In March, when discussing LGBTQ issues, she said, “I didn’t march in the parade before I became a politician, and I would feel that it’s very disingenuous for me to use a particular vulnerable group to advance my political career.” That’s a much better crafted response than the bluster of Andrew Scheer, but it’s also disingenuous — if not misleading. What does it actually say about her commitment to Canadians who are LGBTQ and her support for equal marriage? In the same CBC interview, she said that “if you are ready to treat every Canadian with equal dignity and respect, it doesn’t matter whether or not you march in a parade. That’s a personal choice.”

But here’s the point. That answer assumes a pre-existing level playing field of rights, and that’s simply not the case. Participating in Pride is, in itself, a public statement that you indeed believe that every Canadian should be treated equally, precisely because the gay community has been treated so badly and still faces enormous discrimination.

It’s not insignificant that Lewis is a member of the Pentecostal Assemblies of Canada, one of the more conservative denominations in Canada. Her religious freedom and choice are sacrosanct, but her church believes that “marriage is a provision of God wherein one man and one woman to the exclusion of all others enter into a lifelong relationship through a marriage ceremony that is recognized by the church and legally sanctioned by the state.” Surely, the electorate has a right to know whether she concurs.

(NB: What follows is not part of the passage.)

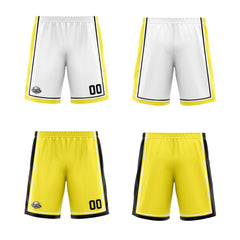 Benutzerdefinierte Weiß Gelb Schwarz Reversible Basketball Jersey Personalisierte Print Name Nummer Logo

On the subject of so-called conversion therapy — the wholly discredited and dangerous idea that LGBTQ children can be “made straight” — she opposes government bans, even though jurisdictions throughout the Western world have introduced them and agree with the World Health Organization that the procedure is a “serious threat to the health and well-being” of its victims. Opponents of such bans are invariably Christian conservatives. We know from a mass of evidence that the approach is unscientific, had led to self-harm and suicide, and — of course — rests on the premise that homosexuality is undesirable.

Lewis describes herself as ”pro-life, no hidden agenda,” although that’s a misnomer that actually means anti-abortion. She has said she believes in banning sex-selective abortions, would increase funding for pregnancy centres that counsel women about their alternatives to abortion, and would end Canadian funding for international abortions. Gender-based abortions are certainly an issue, but they are also a common first step toward a critique of abortion itself. The “pregnancy centres” are vehemently anti-abortion, and funding abortion in developing countries is about saving the lives of women who live in extreme conditions of oppression and inequality.

Lewis also wants to restrict access to medical aid in dying, yet a well-regulated and strictly monitored policy that allows those close to death and in great pain to end their lives on their own terms, surrounded by their loves ones, seems only compassionate. The alternative to dying in dignity in such cases is not living, but dying alone and in pain.

A healthy democracy requires diversity of opinion and open debate. But it should also, responsibly and within reason, expand and not limit citizens’ rights. Lewis is likely to be an MP before very long, could be in government, and will have great influence within her party. Questions need to be asked and answers — authentic answers — provided.